У Карима в «палм пайлоте» был записан номер телефона Резы, и они начали обсуждать, когда следует позвонить ему, чтобы предупредить о визите. Гарри считал это излишним риском, но Джереми, сотрудник резидентуры Секретной разведывательной службы в Ашхабаде, объяснил, что можно обмануть ретранслятор мобильной сети и все будет выглядеть так, будто звонок сделан с территории Ирана. Они пришли к выводу, что лучше позвонить. Нет никакого смысла устраивать операцию по заброске Карима в Иран, рискуя его и своими жизнями, а потом выяснить, что нужного человека просто нет на месте.

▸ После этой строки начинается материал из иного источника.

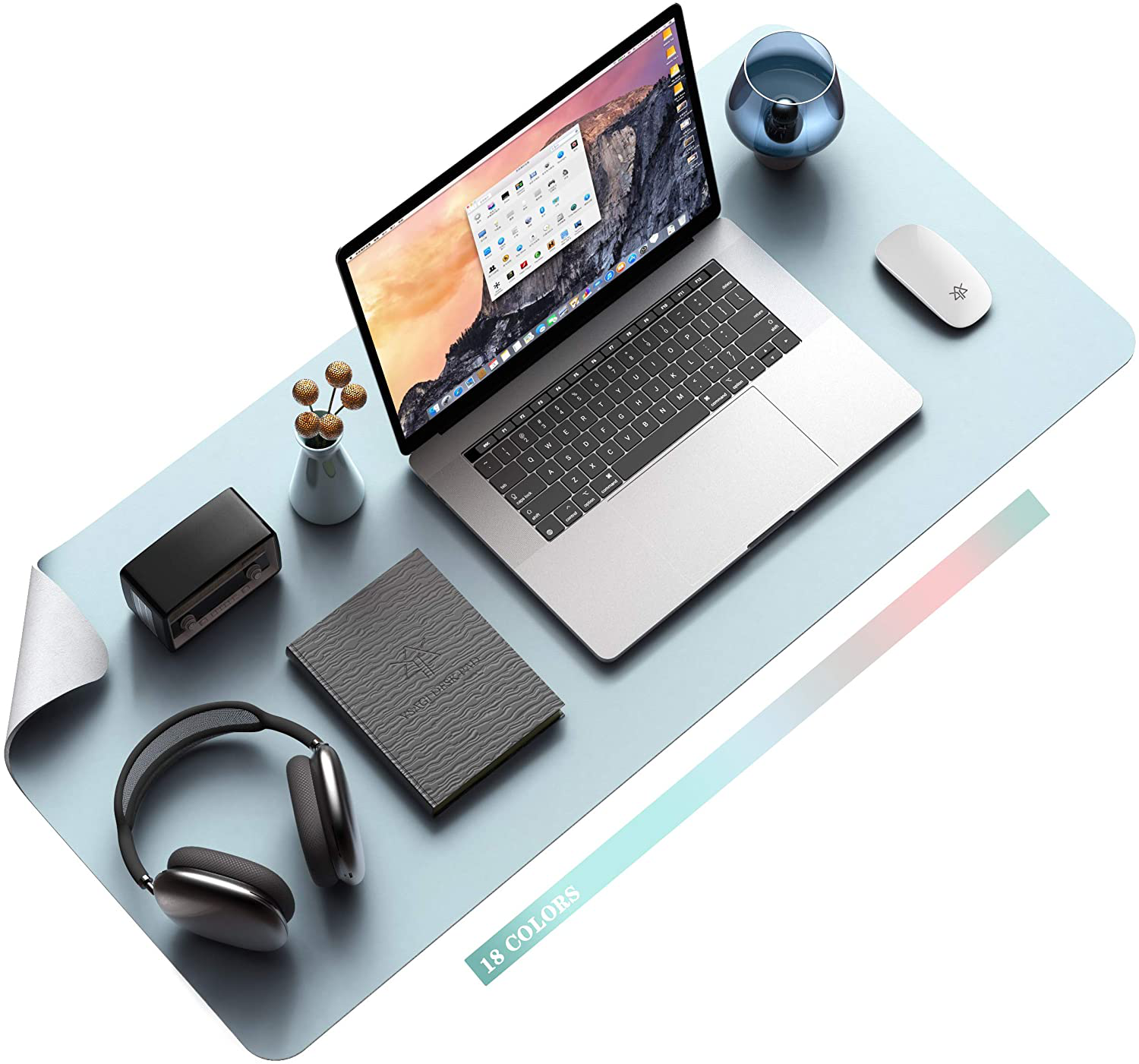 Maliben | Desk Pad Protector Waterproof Non-Slip Leather Office Mouse Mat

Карим сидел вместе с Гарри и Эдрианом в комнате, оборудованной в качестве оперативного центра. Атван не показывался на глаза молодому ученому. На этом настоял Паппас. Он считал, что иранец может испугаться, увидев перед собой консервативного араба-миллиардера и подумав, что это угроза секретности операции. Техники настроили необходимую для переадресации аппаратуру, и Карим набрал номер со своего мобильного с карточкой иранского оператора связи. Раздался гудок, второй, третий. После десятого включился автоответчик. Голос произнес на фарси, а потом и на английском, чтобы абонент оставил сообщение после сигнала.

Гарри покачал головой. Никаких сообщений.

— Подожди минут пять и набери снова. Может, он просто отошел куда-нибудь.

Через пять минут Карим перезвонил, и снова безрезультатно. В комнате повисла гробовая тишина.

— Ждем полчаса, — сказал Паппас.

Они попытались отвлечься, разглядывая карту Мешхеда и прикидывая, где можно остановиться, если придется ночевать в городе. Карим сжимал телефон в руке. Гарри глянул на часы и кивнул. Последняя попытка.

После третьего гудка Реза ответил. По номеру он сразу понял, что звонит Карим, и очень обрадовался, услышав голос старого друга. Даже через крохотный динамик телефона были слышны его восторженные возгласы. Карим сказал, что приезжает, чтобы повидаться с родственниками, двоюродным братом и его семьей, у которых он жил, когда работал в исследовательском центре «Ардебиль». Будет в Мешхеде завтра. Можно ли им встретиться на работе, в лаборатории?

— Раст миги? — переспросил Реза.

«Ты серьезно?»

— Да, — ответил Карим. — Я в пути. Приеду завтра днем.

Они договорились увидеться в «Ардебиле» в два часа дня.

— Ман хастам! — ответил Реза. «Буду на месте». — В Мешхеде так скучно. Старые друзья разъехались. Только паспорт не забудь. Я предупрежу охрану.

Вечером Эдриан обсудил детали операции с группой. «Отправляемся завтра на рассвете», — сказал он. Хаким будет находиться поблизости от лаборатории и установит внешний источник питания, который обеспечит энергией «шокер». Блок должен быть не дальше полукилометра от прибора, но, судя по данным спутниковой съемки, сделать это будет несложно. Внешний периметр охраны всего в трехстах метрах от лаборатории. Далее они принялись решать, как им быть с Каримом и, что самое сложное, с его иранским другом Резой.